Je poursuis mon tour d'horizon (au long cours) des écrivains témoins de la première guerre mondiale et qui ont écrit sur le sujet. John Dos Passos fut mon premier américain, mais pas le dernier, puisque Compagnie K de William March attend sagement sur ma pile à lire.
Nous voici donc en compagnie des soldats Fuselli, Chrisfield et Andrews, que nous allons suivre de leur mobilisation ou de leur engagement en 1917, jusqu'aux combats de 1918 (à peine abordés, l'armistice étant signé à peine à la moitié d'un livre bien long), puis enfin en 1919 alors que leur hiérarchie les maintient en France pour "l'armée d'occupation" (de l'Allemagne) ou d'autres motivations qu'elle se garde bien de leur donner, et cette opacité est un trait commun à toutes les autres armées belligérantes.

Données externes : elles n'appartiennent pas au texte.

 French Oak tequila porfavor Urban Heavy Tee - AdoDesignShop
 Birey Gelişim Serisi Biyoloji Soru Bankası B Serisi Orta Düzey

Enfin très exactement, c'est surtout Andrews que nous allons suivre, les autres s'effaçant progressivement et n'étant bientôt plus évoqués que de loin en loin, et même très loin pour Fuselli, dont on ne saura même pas ce qu'il est devenu, et c'est dommage car son côté "carriériste" était assez intéressant et changeait de la désinvolture des deux autres.
Il s'agit d'un roman clairement engagé dans la veine pacifiste, antimilitariste et anticléricale. L'armée et les hommes d'église en prennent pour leur grade de façon parfois assez savoureuse, et d'une façon ou d'une autre, les trois protagonistes finissent tous par déserter, chacun pour une raison qui leur est propre. Andrews, anarchiste notoire, n'hésite pas à sympathiser pour les manifestations pro-bolcheviques de 1919, dans des passages qui m'ont semblé particulièrement intéressants.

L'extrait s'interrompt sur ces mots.